Discussion:
[sqlite] dqlite - SQLite replication and failover library
Free Ekanayaka
2017-08-19 08:46:59 UTC
Permalink
Hi,

first of all let me thank Richard Hipp and the rest of the SQLite team
and community for such a great piece of software. I've been recently
working with SQLite's code base and found it an absolute pleasure to
read (and have learned from it too).

In this mail I'd like to:

1) Present dqlite, a library replicating your application's SQLite
database across N nodes and safely surviving any minority of them
dying or disconnecting (only for Go applications for now, see below).

2) Submit a patch to SQLite that introduces a minimal replication API,
and get feedback about its possible inclusion upstream.

= dqlite =

It's a Go package that uses the Raft algorithm to replicate SQLite WAL
frames across a cluster of nodes. This roughly means that you can open a
SQLite connection using the "database/sql" standard lib API and have
anything you transactionally replicated. No external process needed.

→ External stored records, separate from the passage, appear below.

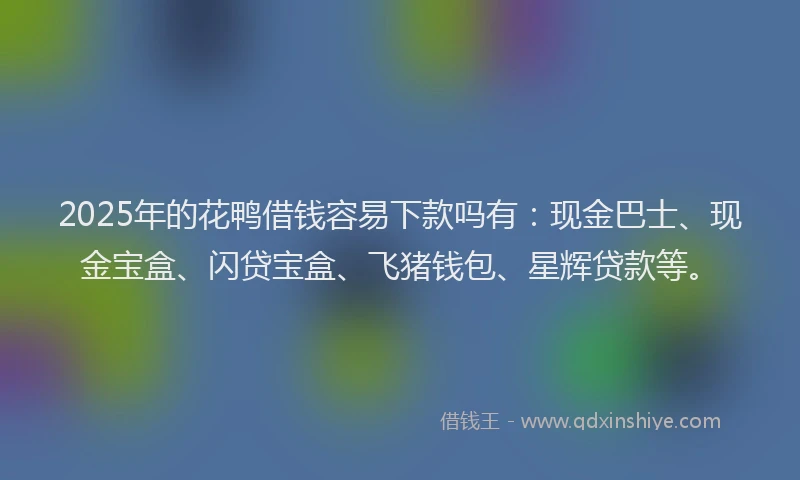 2025年的花鸭借钱容易下款吗有：现金巴士、现金宝盒、闪贷宝盒、飞猪钱包、星辉贷款等。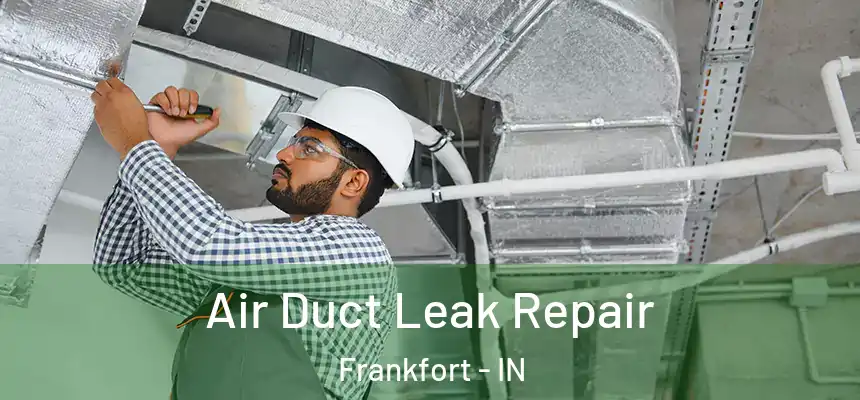  Air Duct Leak Repair Frankfort - IN
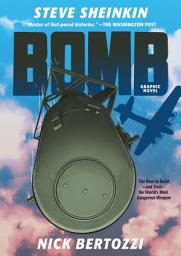 Icon image Bomb (Graphic Novel): The Race to Build--and Steal--the World's Most Dangerous Weapon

Ideally this library should have been written in C or Rust, to support
binding to any language. However, due to the use case and timeline of
the first project that will use it (LXD [0]), and due to the lack of
mature Raft implementations in C/Rust, Go was chosen instead. It should
hopefully at least serve as reference to anyone needing a C/Rust
version.

The work has been funded by Canonical, the company behind Ubuntu. Please
see the dqlite's home page [1] for more details.

= SQLite replication API patch =

This is the SQLite patch that dqlite depends on. It essentially adds a
few key hooks in the pager and write-ahead log to let external libraries
like dqlite implement WAL-based database replication.

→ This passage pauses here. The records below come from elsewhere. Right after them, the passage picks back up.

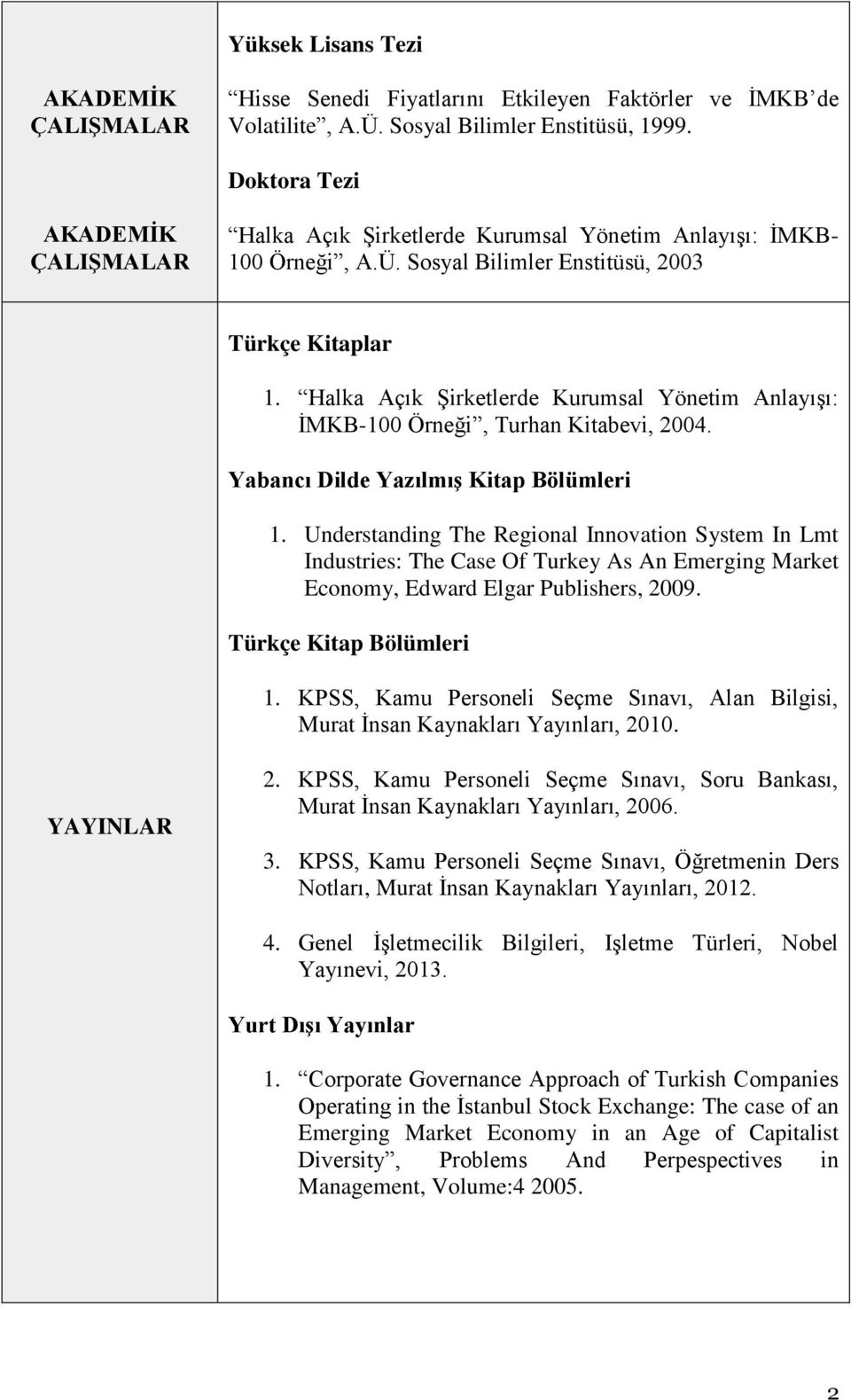 Halka Açık Şirketlerde Kurumsal Yönetim Anlayışı: İMKB-100 Örneği, Turhan Kitabevi, 2004. Yabancı Dilde Yazılmış Kitap Bölümleri 1.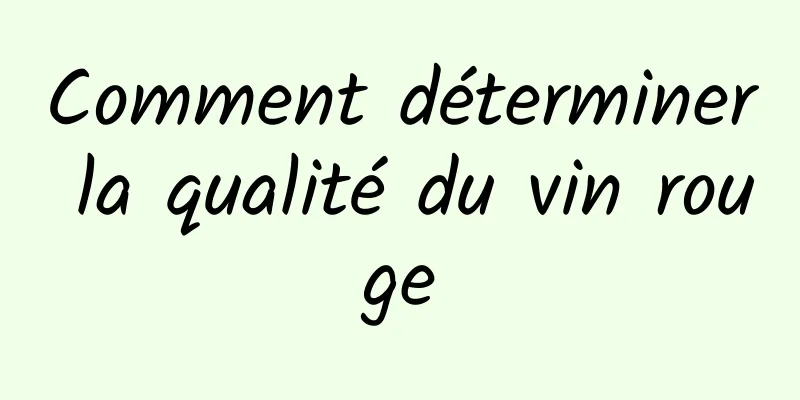 Comment déterminer la qualité du vin rouge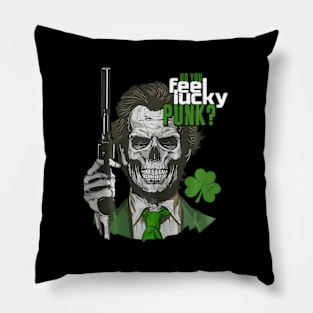 Do You Feel Lucky Punk ny St Patricks Day Pillow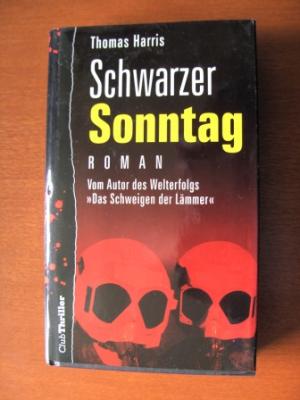 Thomas Harris  Schwarzer Sonntag. Roman 
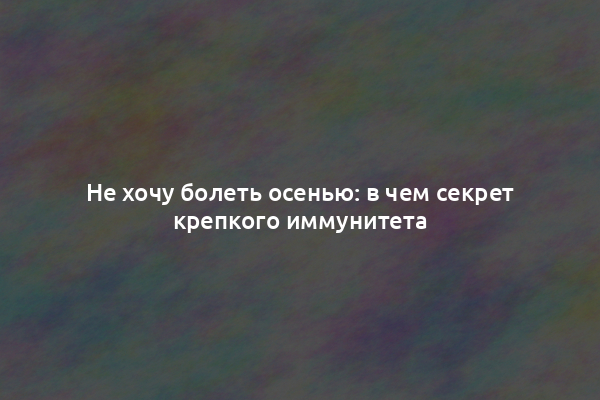 Не хочу болеть осенью: в чем секрет крепкого иммунитета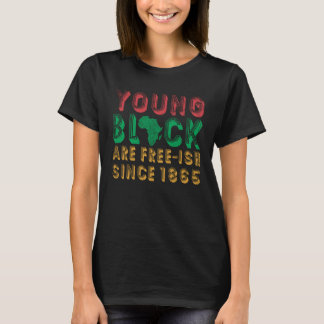 Camiseta Young Black Are Free ish Since 1865 For Pride Afri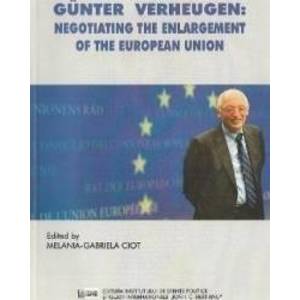 Gunter Verheugen Negotiating the Enlargement of the European Union - Melania-Gabriela Ciot imagine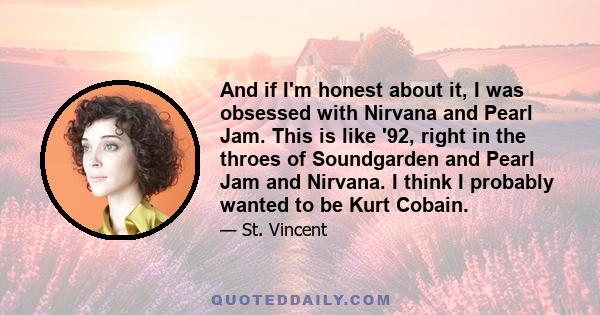 And if I'm honest about it, I was obsessed with Nirvana and Pearl Jam. This is like '92, right in the throes of Soundgarden and Pearl Jam and Nirvana. I think I probably wanted to be Kurt Cobain.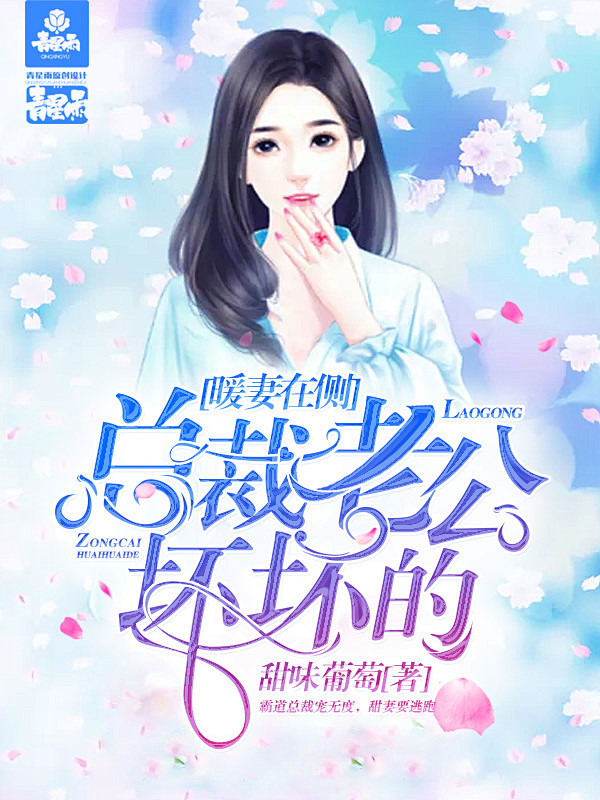 暖妻在侧，总裁老公坏坏的#青星雨制作#总...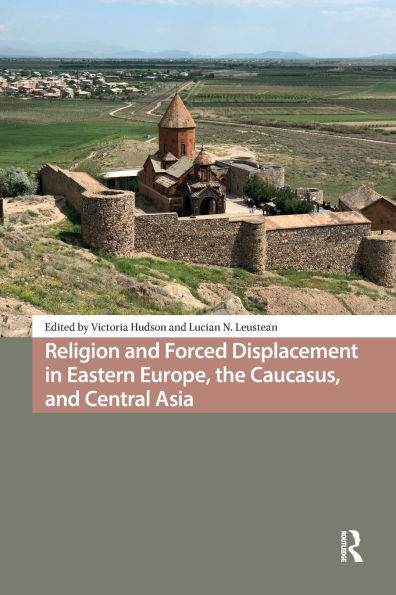 Religion and Forced Displacement Eastern Europe, the Caucasus, Central Asia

As you'll quickly see, it's by no means ready for upstream inclusion, in
particular it lacks unit tests and more comprehensive documentation
comments (note however that virtually every code path introduced by the
patch is already exercised indirectly by dqlite's own unit tests).

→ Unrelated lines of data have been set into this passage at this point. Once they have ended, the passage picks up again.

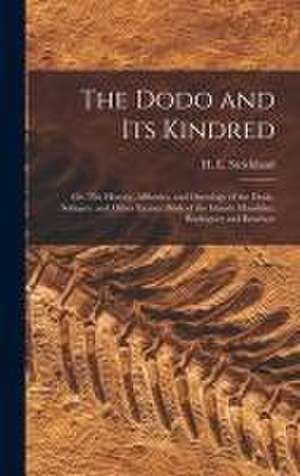 The Dodo and its Kindred; or, The History, Affinities, and Osteology of the Dodo, Solitaire, and Other Extinct Birds of the Islands Mauritius, Rodrigu de H. E. (Hugh Edwin) Strickland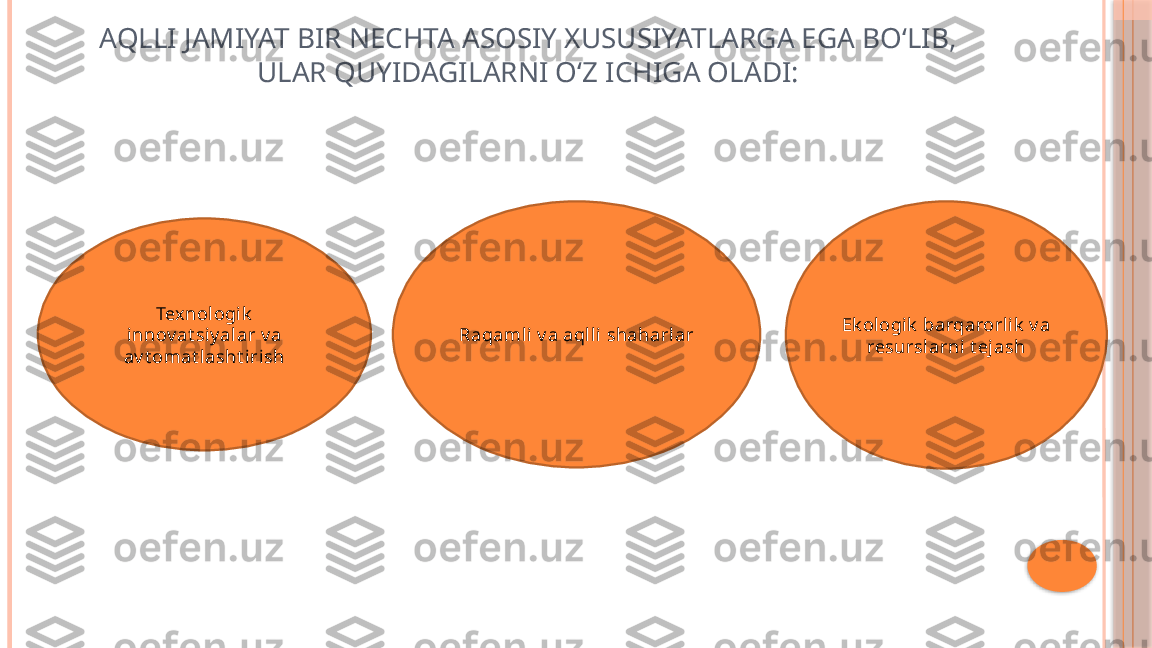 AQLLI JAMIYAT BIR NECHTA ASOSIY XUSUSIYATLARGA EGA BO‘LIB, 
ULAR QUYIDAGILARNI O‘Z ICHIGA OLADI:
Tex nologik  
innov at siy alar v a 
av t omat lasht irish Raqaml i v a aqlli shaharlar Ek ologik  barqarorlik  v a 
resurslarni t ejash     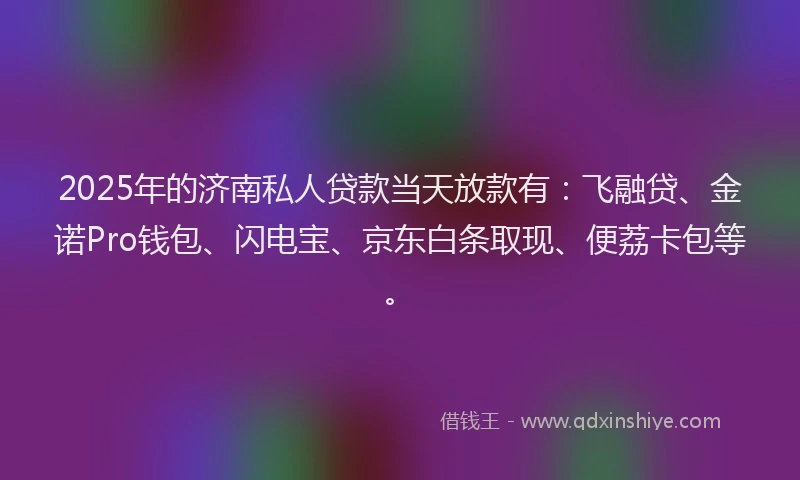 2025年的济南私人贷款当天放款有：飞融贷、金诺Pro钱包、闪电宝、京东白条取现、便荔卡包等。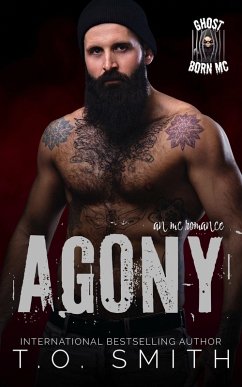 Agony (Ghost Born MC, #1) (eBook, ePUB) - Smith, T. O.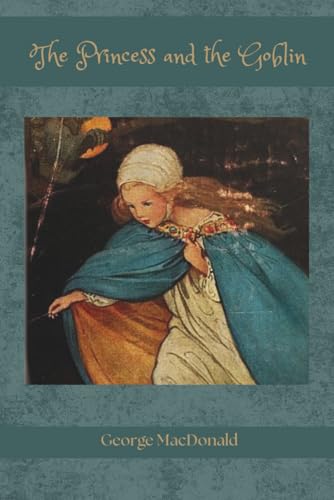 The Princess and the Goblin: A Classic Princess Fairy Tale with Beautiful Colour Illustrations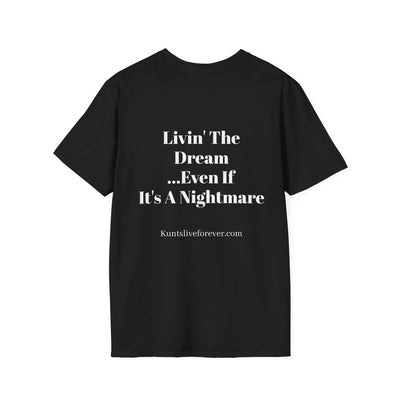 Veteran Kunt "Livin' The Dream" Tee - Kunts Live Forever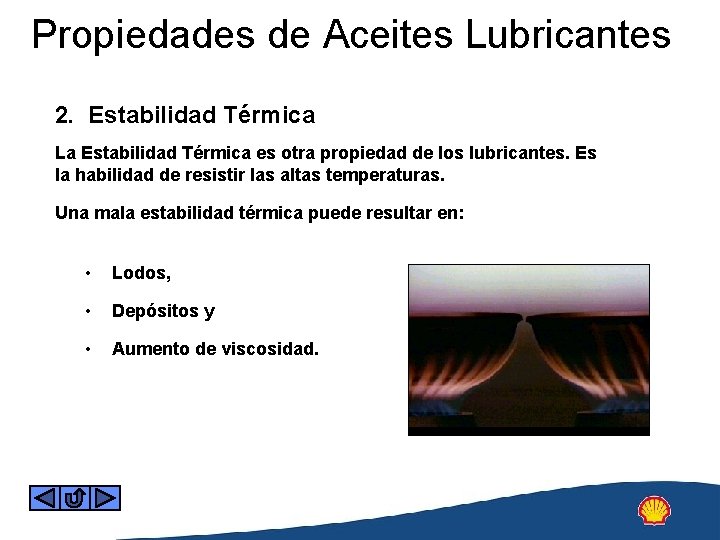 Propiedades de Aceites Lubricantes 2. Estabilidad Térmica La Estabilidad Térmica es otra propiedad de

If the SQLite team thinks there is room for upstream inclusion, I'll be
more than glad to do the necessary work to make the patch adhere to
SQLite's standards and go through a review process.

The patch has currently 703 additions and 22 deletions, and is published
on GitHub [2].

Cheers,

Free

[0] https://linuxcontainers.org/
[1] https://github.com/CanonicalLtd/dqlite
[2] https://github.com/CanonicalLtd/sqlite/commit/2a9aa8b056f37ae05f38835182a2856ffc95aee4
Wout Mertens
2017-08-20 17:50:24 UTC
Permalink
Very interesting!

So how does it behave during conflict situations? Raft selects a winning
WAL write and any others in flight are aborted?

And when not enough nodes are available, writes are hung until consensus?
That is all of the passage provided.